Quando una società è in crisi, ha spesso bisogno di finanza a breve, il c.d. “bridge financing”, per negoziare un accordo di ristrutturazione con le banche (e gli azionisti).

Ergo il finanziatore e’ disposto a finanziare solo se: (i) il finanziamento e’ protetto da speciali garanzie; e/o (ii) il capitale e’ remunerato adeguatamente.

Da un lato, la nostra Legge Fallimentare non protegge adeguatamente i finanziamenti ponte se non in circostanze molto limitate (concordato preventivo – Art. 160 e seguenti L.F.), l’aspetto della remunerazione del rischio è da noi ancora più importante che nei paesi che invece forniscono quella protezione (USA con Chapter 11): dall’altro le norme sull’usura non consentono un’adeguata remunerazione.

Se si trattano le banche come i mafiosi, costringiamo le imprese in crisi a rivolgersi proprio a fonti di finanziamento illecito. Un altro esempio di stato criminogeno, però sfuggito al signore che ci aveva scritto un pregevole libretto con quel nome.

Tutta l’economia della seconda rivoluzione industriale è basata sul credito. La storia, narrata da Hyman in Debtor nation, è istruttiva. Prima del 1917 era illegale negli USA applicare interessi sufficienti da rendere conveniente il credito personale. Perché i Carnegie e i Morgan avrebbero dovuto prestare soldi agli operai delle acciaierie quando potevano guadagnare usando il proprio capitale per costruire le acciaierie? Per gli imprevisti della vita c’erano gli strozzini, i loan sharks: prestavano a interessi dal 13 al 20% annuo, ma quanto a potere finanziario non potevano competere con i grandi. Eppure alla fine del XX secolo, questi piccoli prestiti erano diventati uno dei prodotti più importanti prodotti dell’economia capitalistica, estratto e commerciato come una commodity, reale quanto l’acciaio. Anche se i grandi utili continuavano a farsi fabbricando i prodotti di massa, i consumatori avevano bisogno di finanziamenti per poter comperare i nuovi beni che venivano sfornati in gran quantità. E significativamente proprio in quegli anni vennero rilassate le leggi sull’usura, per consentire alle banche di ridurre lo spazio di mercato degli strozzini. Al credito è legata tutta la storia dell’economia americana, e, ricordando da dove vengono i beni che vengono acquistati, a ben vedere quella del mondo intero. Ma se è così, non è un po’ strano che tutta questa costruzione debba poggiare sul limite rigoroso della media dei tassi di interessi registrati nei sei mesi passati?

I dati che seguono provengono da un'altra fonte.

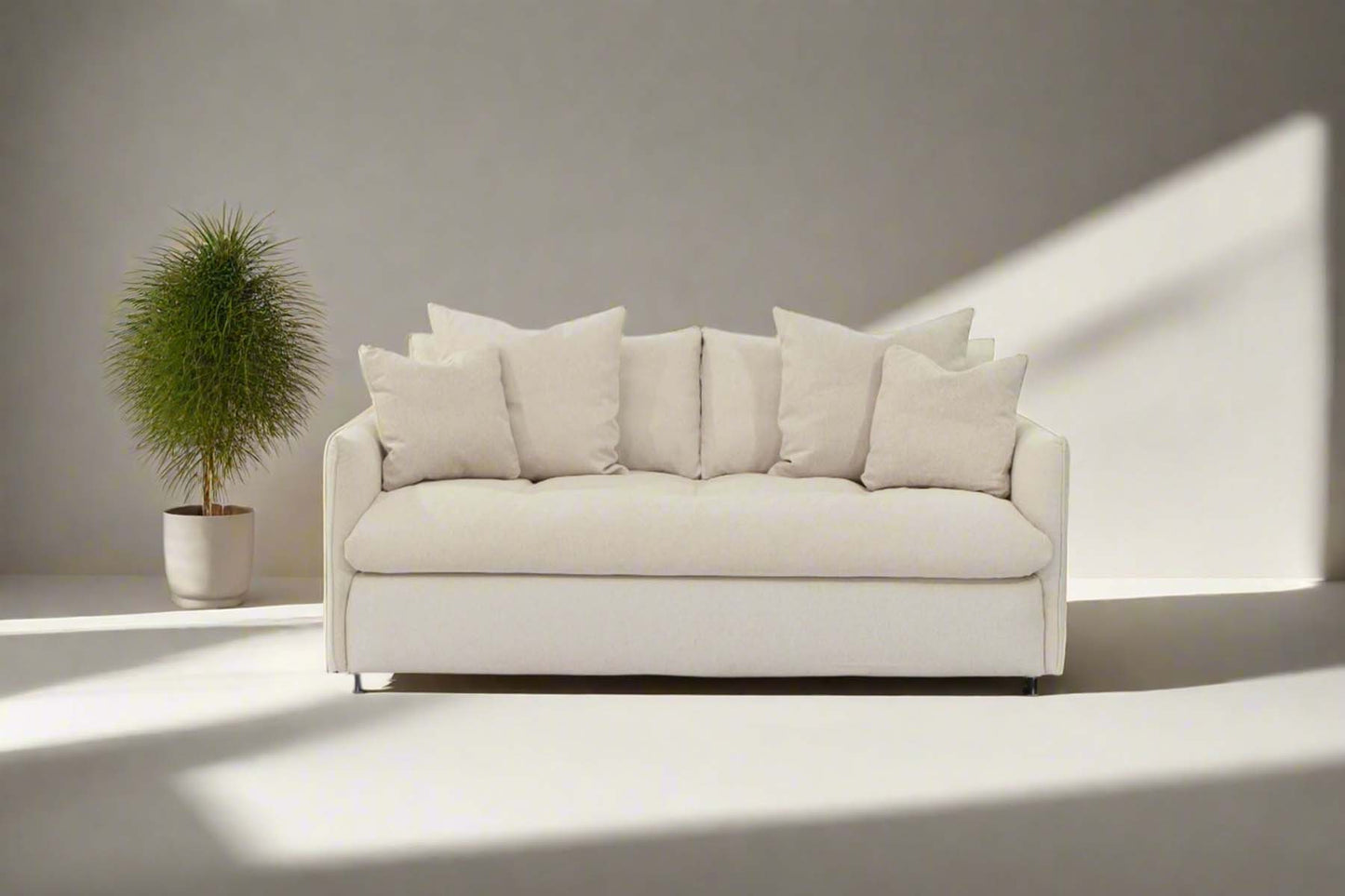 Monet On-Cloud Sofa Natural Tones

La liceità di estrarre interessi dai prestiti, cioè di guadagnare sul tempo, che invece è un bene comune, ha una storia antica, che riservò agli ebrei un ruolo singolare, producendo uno dei più clamorosi esempi di conseguenze inintenzionali di fatti intenzionali. La vicenda dell’usura mi ricorda quanto successe nel Regno di Napoli, una delle volte in cui gli ebrei furono scacciati: senza la loro concorrenza, gli interessi sui prestiti si impennarono, al punto da provocare tumulti al grido “ridateci i nostri ebrei”.